What I am entertaining, then, is the possibility that in 18th century Britain a widely held belief in the universality of morality, conceived roughly as Hume conceived it, functioned so as to conceal from the view of many of his contemporaries the underlying moral and social conflicts of their society and by so doing sustained the workings of the agricultural, commercial, and mercantile economy to the profit of some and to the detriment of others.

MacIntyre’s argument is intricate and moves between abstract philosophical reasoning, historical analysis, social critique, and biography, but what it leads to is a re-expression and validation of a sophisticated version of the basic Thomistic-Aristotelian account of what is involved in asking and answering questions about what ought to be done or avoided. There needs to be a standard against which to measure the deliverances of sentiment and content of social agreements, for these sources are neither self-validating nor fundamental. What underlies human practical reasoning is human nature and the goods internal to it. Only these can halt the regress of questioning: What ought I to desire? What ought I to desire to desire? . . . What ought we to agree to? What ought we to agree to agree to? Not only can such an approach provide an objective standard, it can, with aid from Marxian social analysis, explain the failure of other approaches to account for, let alone to resolve, their theoretical disagreements and the disagreements at the level of pre-theoretical moral thinking. It does so in part by showing that the source of some disagreements lies in false consciousness, and by recognizing that the ways in which human capacities may be realized are diverse and that the range of considerations relevant to human flourishing are also variable.

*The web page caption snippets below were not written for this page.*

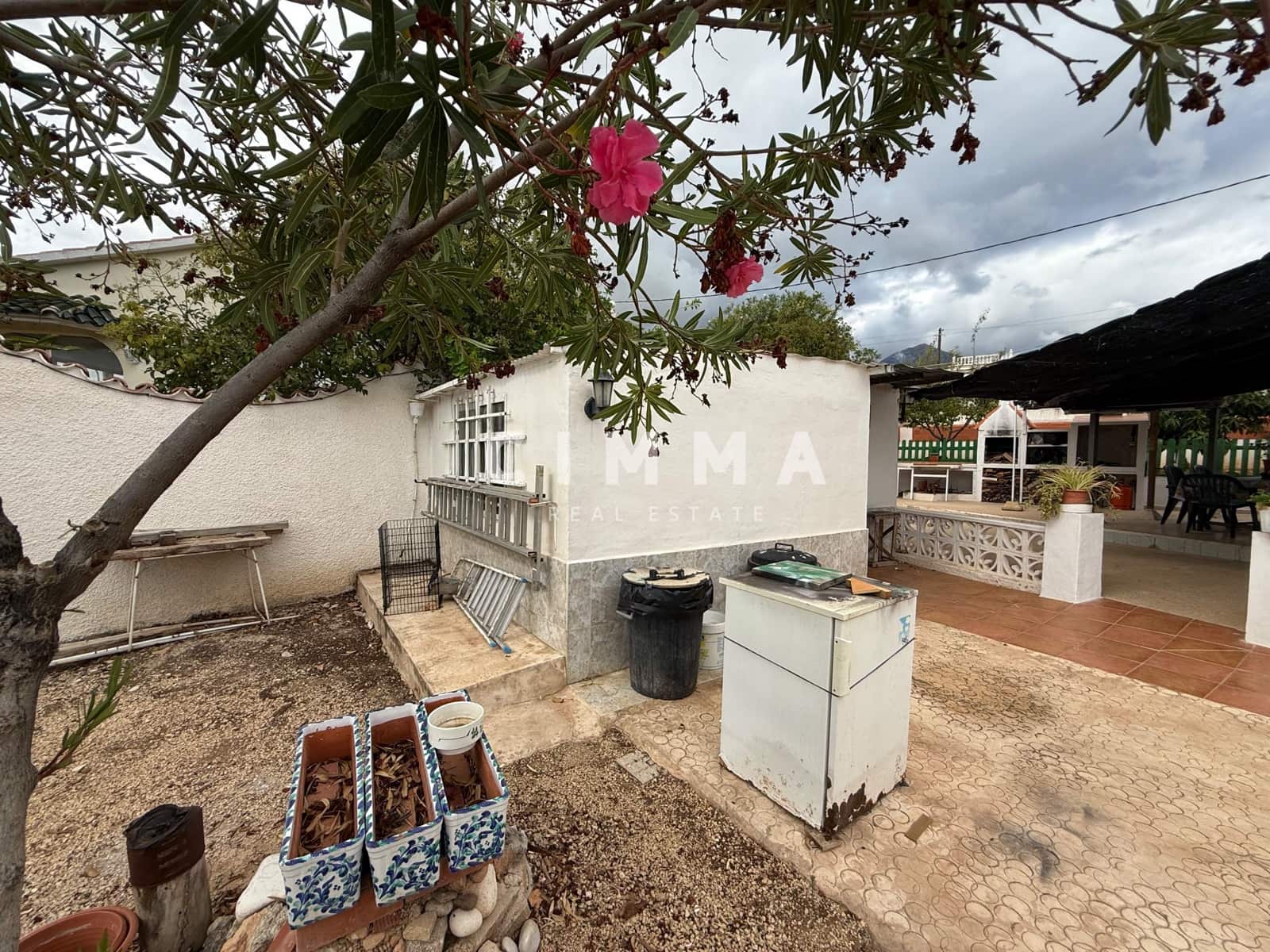 3 sypialnia Willa na sprzedaż w La Nucia z garażem - 445 000 € (Ref: 9272791)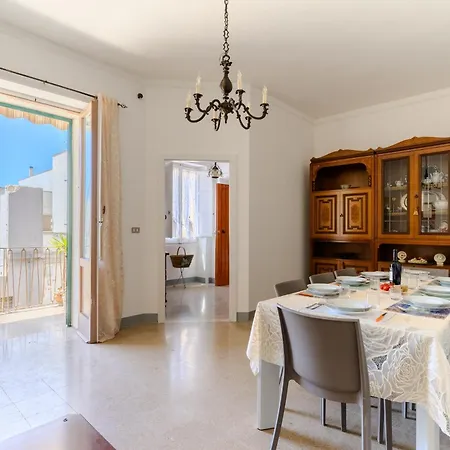 Maison Malu Apartamento Nardò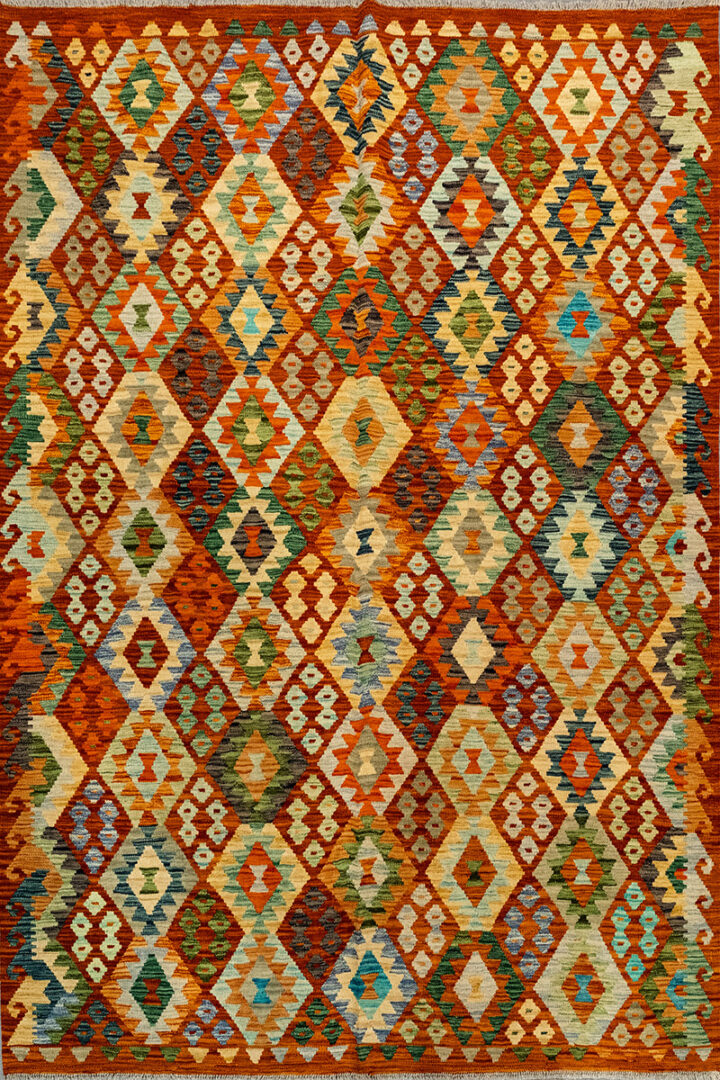 שטיחים לסלון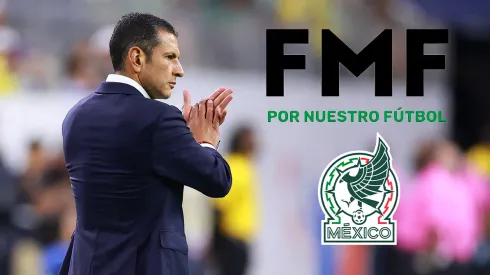 FMF podría tomar desagradable decisión con Lozano.
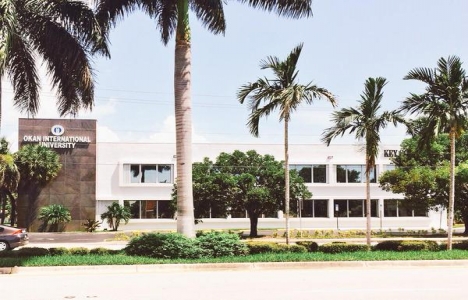 Okan Üniversitesi Miami'de kampüs açtı!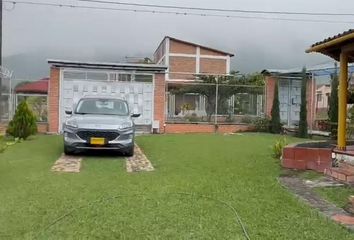 Casa en  Chinácota, Norte De Santander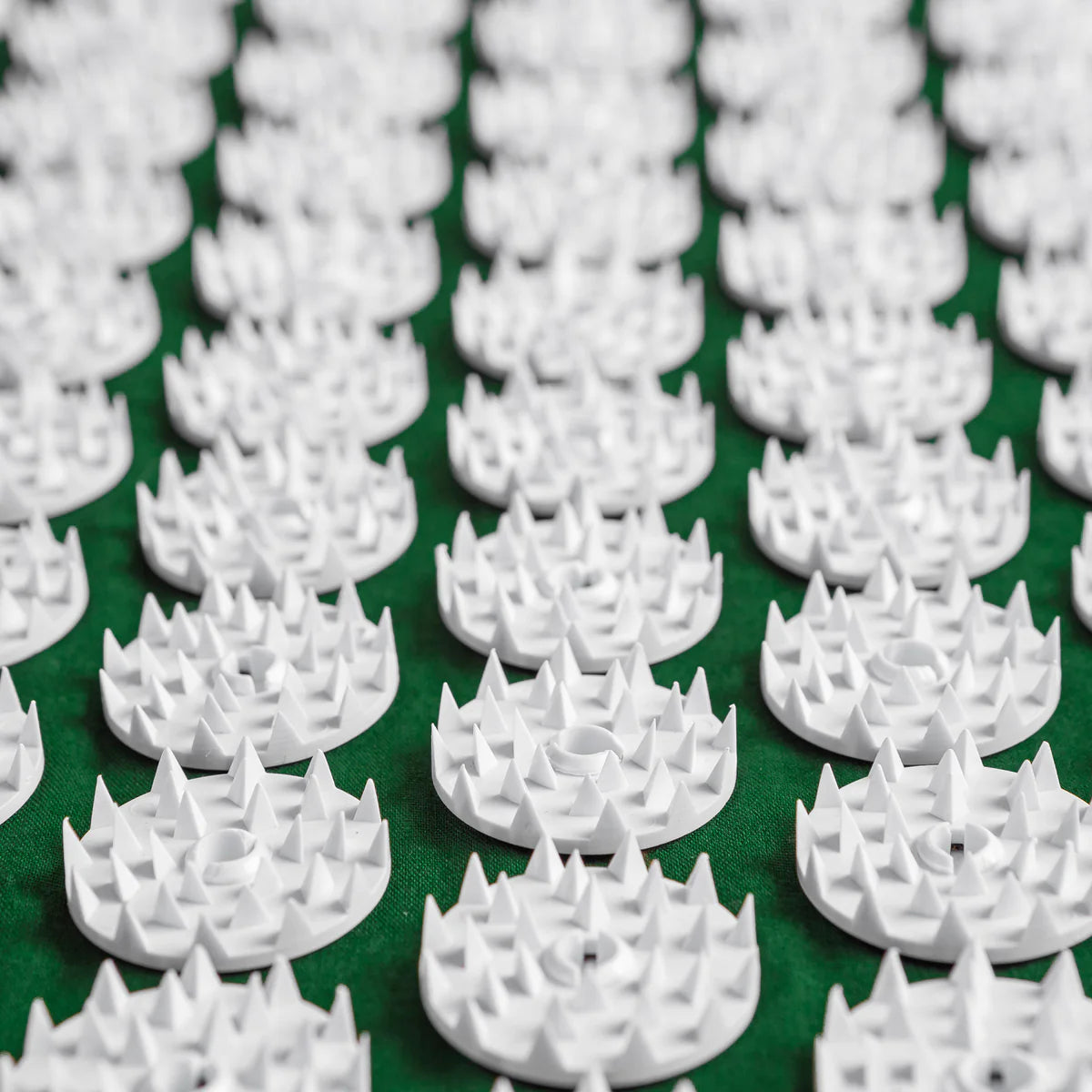 未使用】シャクティマット シャクティピローレベル2 グリーン Shakti 未使用】シャクティマット シャクティピローレベル2 グリーン Shakti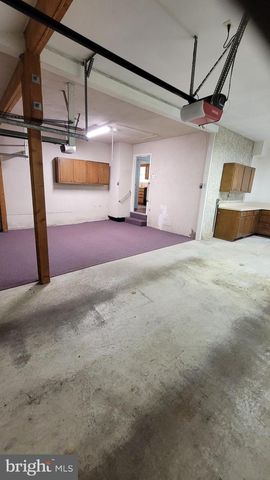 504 S PARK AVE, Trooper, PA 19403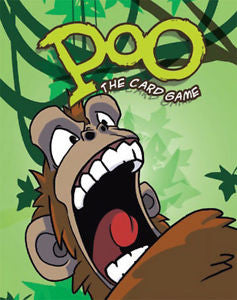 Wildthing - Poo the Card Game Revised!!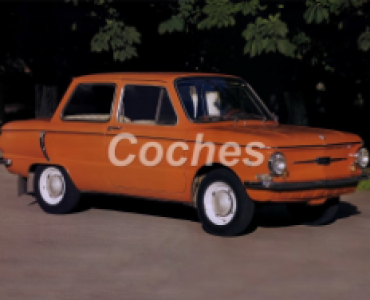 A 1.2 MANUAL (42 CV)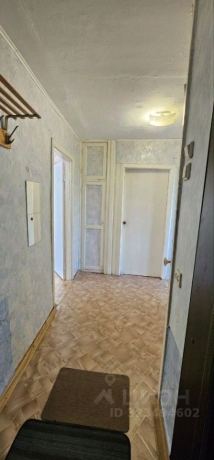 Продажа квартиры 3-комн.<br /> по адресу г. Омск,  мкр. Входной, 30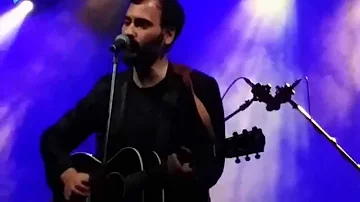 The New Raemon - Te debo un baile @8yMedio 19/09/2015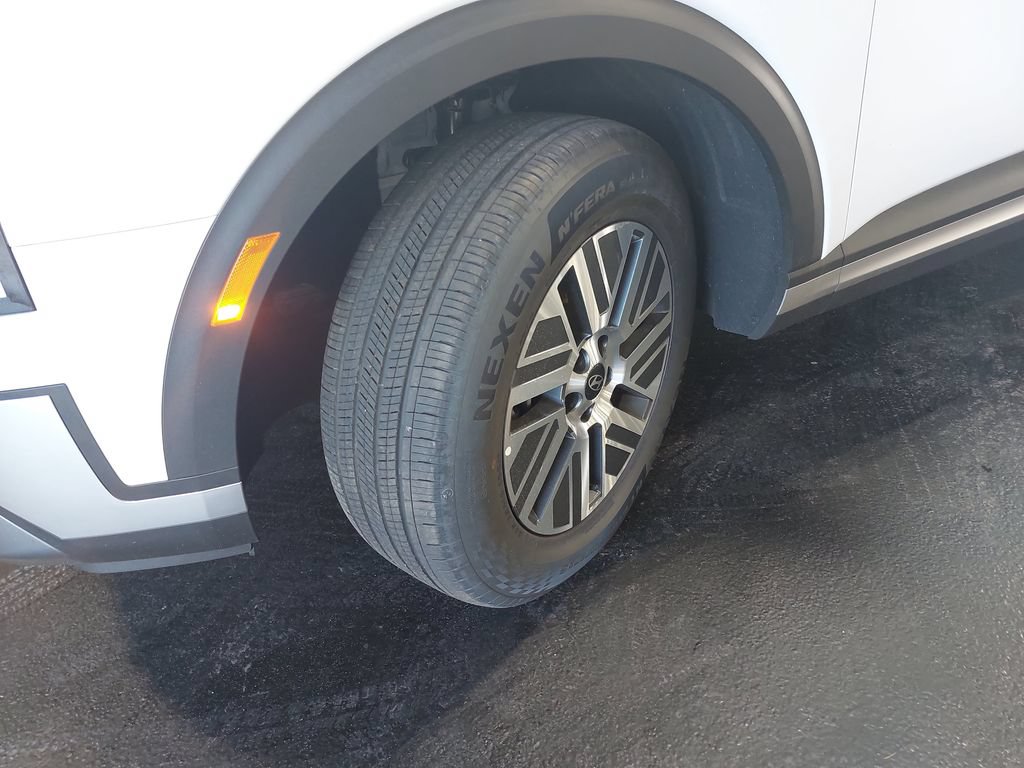 New 2026 Hyundai Palisade SEL AWD/4WD image 33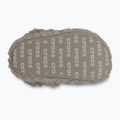 Kapcie dziecięce Crocs Classic Cozzy mushroom 4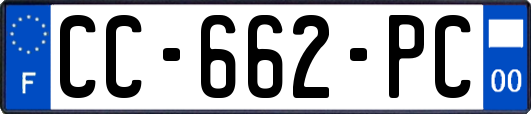 CC-662-PC
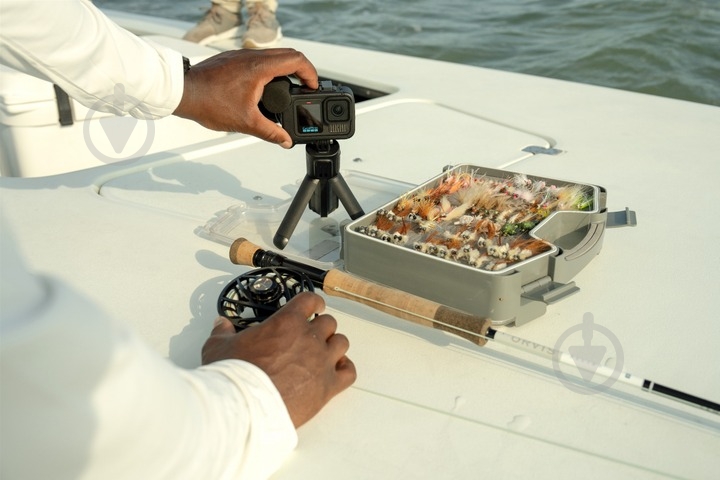 Экшн-камера GoPro HERO13 Creator Edition black (CHDFB-131-EU) - фото 17 Экшн-камера GoPro HERO13 Creator Edition black (CHDFB-131-EU) - фото 17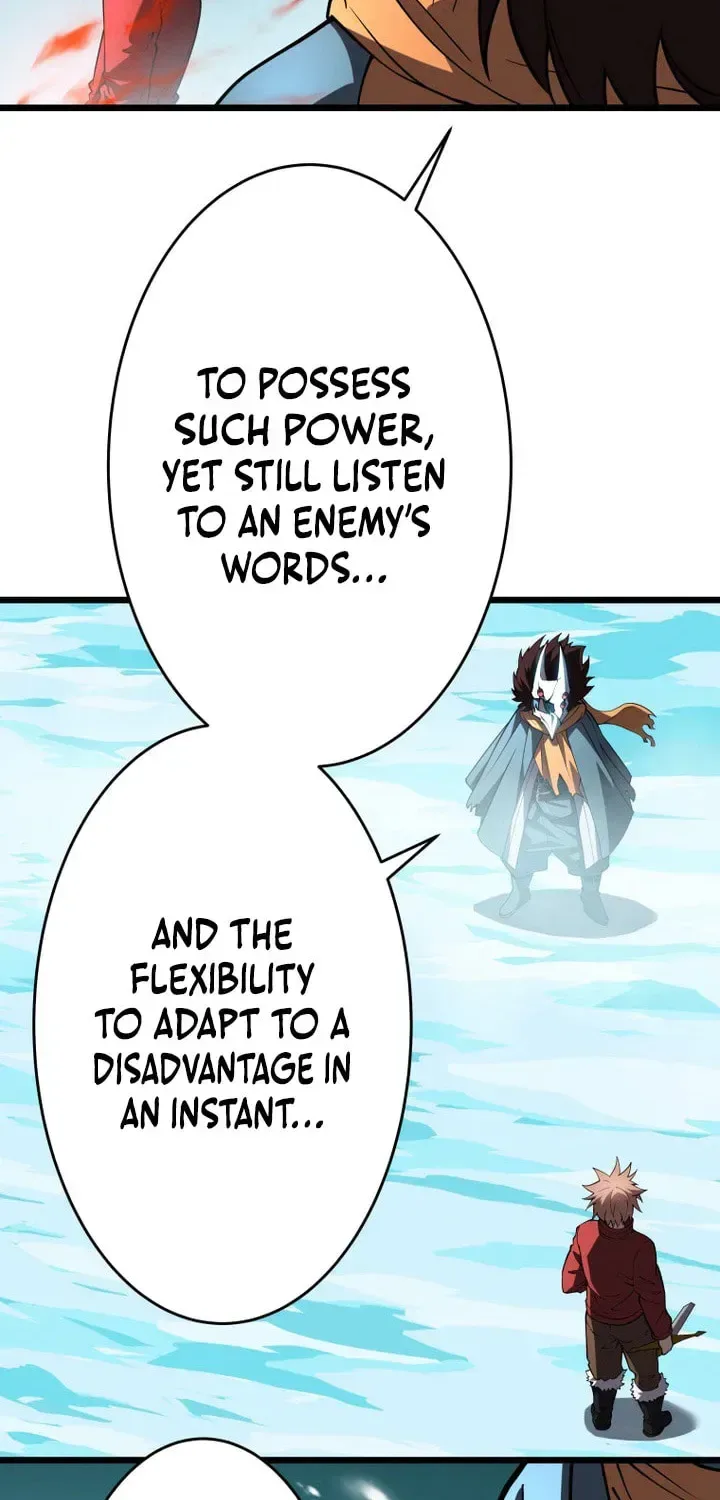 The Regressed Former Sword Saint Becomes a Rebel of the Necromancer House Chapter 22 page 41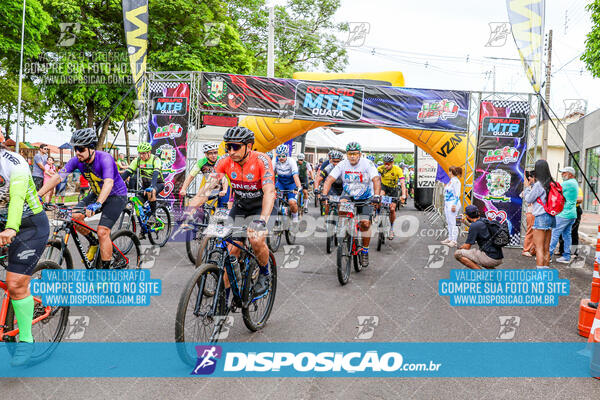 Desafio MTB Quatá 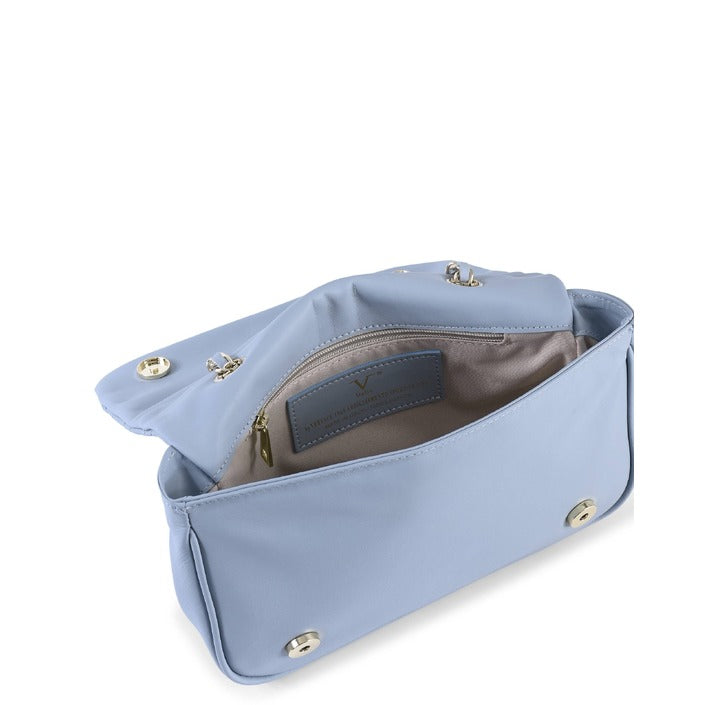 V Italia by VERSACE 19.69 ABBIGLIAMENTO SPORTIVO S.R.L. - V Italia Damenhandtasche M392 SAUVAGE CELESTE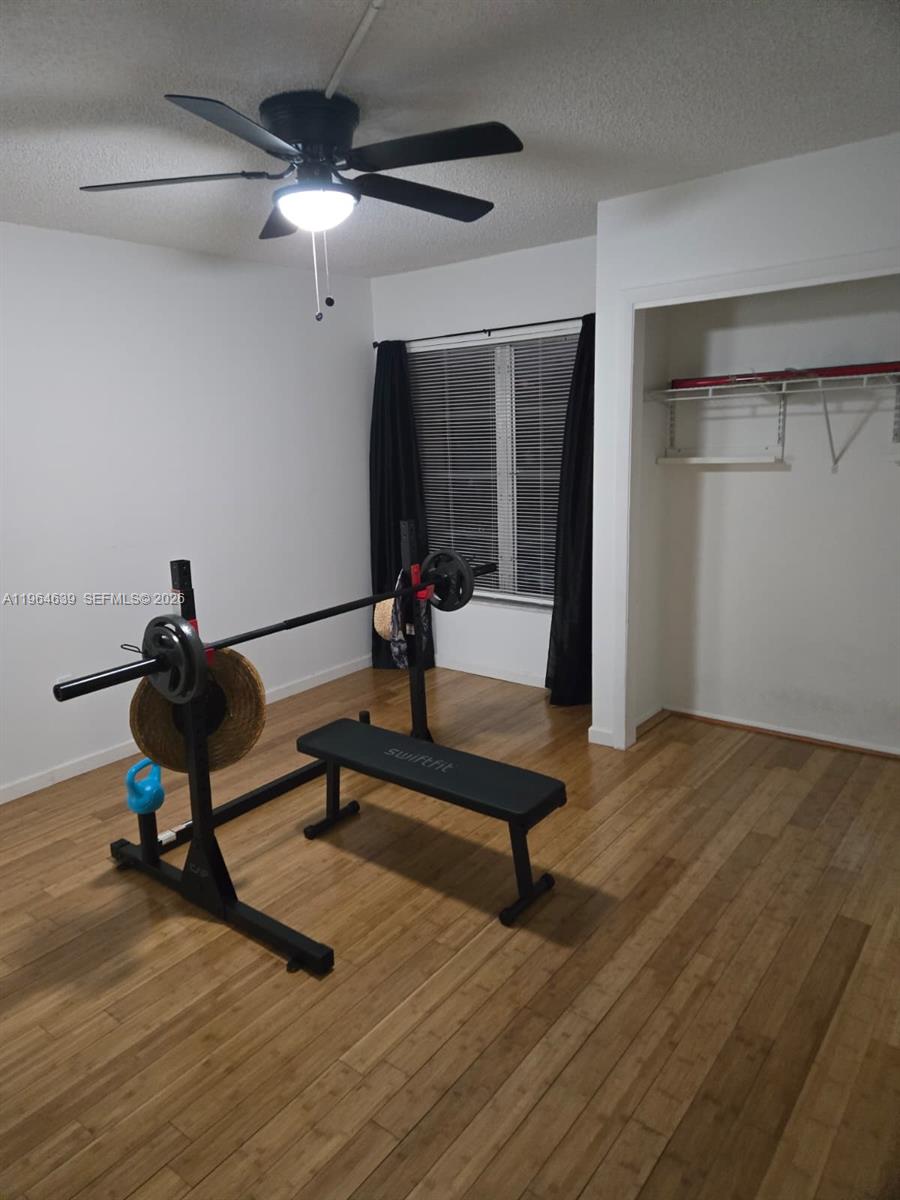 Additional property features at 4156 Inverrary Dr - Condo in Lauderhill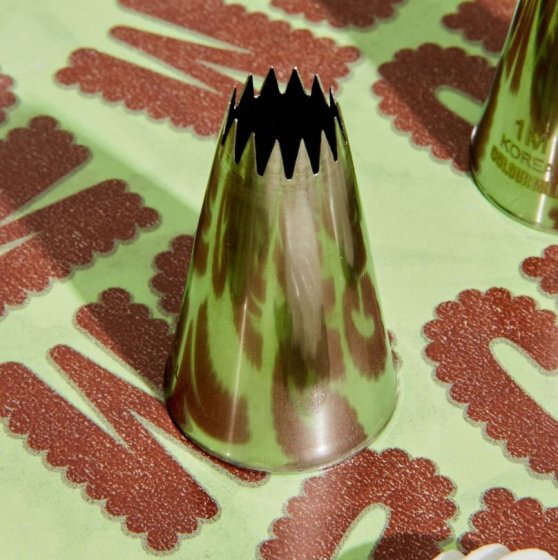 Colour Mill tyll 4B M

Philosophical ethics can bring order to the variety of values and principles not by converting them into a common currency (welfare, rights, duties, etc.) but by showing how in often complex and culturally mediated ways they relate back to human nature and the diverse constitutive goods of that form of life.

Notwithstanding his reliance on and identification with Aquinas, for whom the human good is ultimately ordered to the beatific vision, MacIntyre does not theologize his project. Yet he does indicate somewhat hypothetically that practical deliberation, his original and recurrent point of focus, can open toward the transcendent and the divine:

At certain points in her reflections upon herself [an agent] may well be compelled to resort to higher order reflection upon her practical thinking . . . [which may lead to the recognition that] the nature of her practical reasoning and of the practical reasoning of those in whose company she deliberates has from the outset committed her and them to a shared belief in God, to a belief that, if there is nothing beyond the finite, there is no final end, no ultimate human good, to be achieved.

Readers interested in Christian apologetics, or ones looking to an eminent Catholic philosopher to berate and defeat atheists and secularists, should not turn to this book for comfort or guidance, and if they do, the prominence of Marx may occasion disappointment. MacIntyre is here engaged in a more extensive and more charitable task: to address readers, be they believers or unbelievers, who wonder how moral reasoning can lead to true answers. He brings to that task almost seventy years of sustained and disciplined thinking since writing his MA thesis on “The Significance of Moral Judgements,” a title that equally well summarizes this major and crowning study, which completes, so far as anything of the sort can be completed, the long investigation begun with After Virtue. MacIntyre’s many insights have attracted a wide and diverse following. Those who carry on the project that this book and its predecessors represent are likely to find that what began as reasoning about ethical conflict and human nature will lead one day to recognition, and (one hopes) contemplation, of the divine.

John Haldane is J. Newton Rayzor, Sr. Distinguished Professor of Philosophy at Baylor University.